In yet another form, there has been provided a fault and attack tolerant method, apparatus, program code, architecture, and circuit for operating a System-on-Chip (SoC) device which includes a resource reallocation management subsystem and a plurality of SoC subsystems integrated on a shared semiconductor substrate and coupled together over a programmable interconnect bus. The disclosed method includes programming, by the resource reallocation management subsystem, the programmable interconnect bus to disconnect a faulty resource at one of the pluralities of SoC subsystems from the SoC device. In selected embodiments, the programmable interconnect bus may be programmed by programming an interconnect manager at the programmable interconnect bus to switch off or disable a resource clock or interface signal sent over the programmable interconnect bus to the faulty resource. The disclosed method also includes receiving, by the resource reallocation management subsystem, over-the-air (OTA) programming code for storage at flash memory connected to the SoC device. In addition, the disclosed method includes reconfiguring, by the resource reallocation management subsystem, a spare resource subsystem at the SoC device with the OTA programming code stored at the flash memory, thereby generating a reconfigured spare resource subsystem. In selected embodiments, the spare resource subsystem may be reconfigured by reconfiguring a spare logic array at the SoC device with the OTA programming code. In other selected embodiments, the spare resource subsystem may be reconfigured by reconfiguring a spare central processing unit (CPU) subsystem at the SoC device with the OTA programming code. In other selected embodiments, the spare resource subsystem may be reconfigured by reconfiguring a new hardware subsystem added to the SoC device with the OTA programming code. The disclosed method also includes reprogramming, by the resource reallocation management subsystem, the programmable interconnect bus to connect the reconfigured spare resource subsystem with the SoC device to replace the faulty resource at one of the data processing subsystems. In selected embodiments, the disclosed method may also include receiving, at the resource reallocation management subsystem, a notification of the faulty resource at one of the data processing subsystems.
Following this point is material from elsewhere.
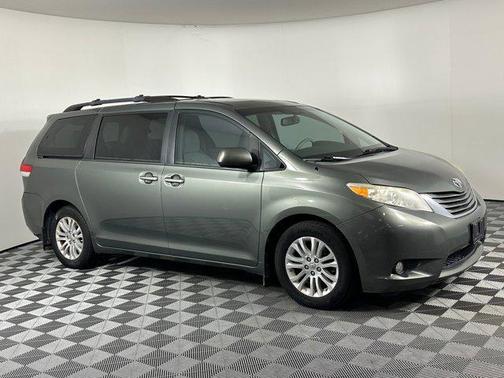 2014 Toyota Sienna XLE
The block diagrams in the figures illustrate the architecture, functionality, and operation of possible implementations of systems, methods, and computer program products according to various embodiments of the present invention. In this regard, each block in the block diagrams may represent a module, segment, or portion of code, which comprises one or more executable instructions for implementing the specified logical function(s). It should also be noted that, in some alternative implementations, the functions noted in the block may occur out of the order noted in the figures. For example, two blocks shown in succession may, in fact, be executed substantially concurrently, or the blocks may sometimes be executed in the reverse order, depending upon the functionality involved. It will also be noted that each block of the block diagrams, and combinations of blocks in the block diagrams, can be implemented by special purpose hardware-based systems that perform the specified functions or acts, or combinations of special purpose hardware and computer instructions.
While particular embodiments of the present invention have been shown and described, it will be obvious to those skilled in the art that, based upon the teachings herein, that changes and modifications may be made without departing from this invention and its broader aspects. Therefore, the appended claims are to encompass within their scope all such changes and modifications as are within the true spirit and scope of this invention. Furthermore, it is to be understood that the invention is solely defined by the appended claims. It will be understood by those with skill in the art that if a specific number of an introduced claim element is intended, such intent will be explicitly recited in the claim, and in the absence of such recitation no such limitation is present. For non-limiting example, as an aid to understanding, the following appended claims contain usage of the introductory phrases “at least one” and “one or more” to introduce claim elements. However, the use of such phrases should not be construed to imply that the introduction of a claim element by the indefinite articles “a” or “an” limits any particular claim containing such introduced claim element to inventions containing only one such element, even when the same claim includes the introductory phrases “one or more” or “at least one” and indefinite articles such as “a” or “an”; the same holds true for the use in the claims of definite articles. As will be appreciated by one skilled in the art, aspects of the present invention may be embodied as a system, method or computer program product. Accordingly, aspects of the present invention may take the form of an entirely hardware embodiment, an entirely software embodiment (including firmware, resident software, micro-code, etc.) or an embodiment combining software and hardware aspects that may all generally be referred to herein as a “circuit,” “module” or “system. ” Furthermore, aspects of the present invention may take the form of a computer program product embodied in one or more computer readable medium(s) having computer readable program code embodied thereon.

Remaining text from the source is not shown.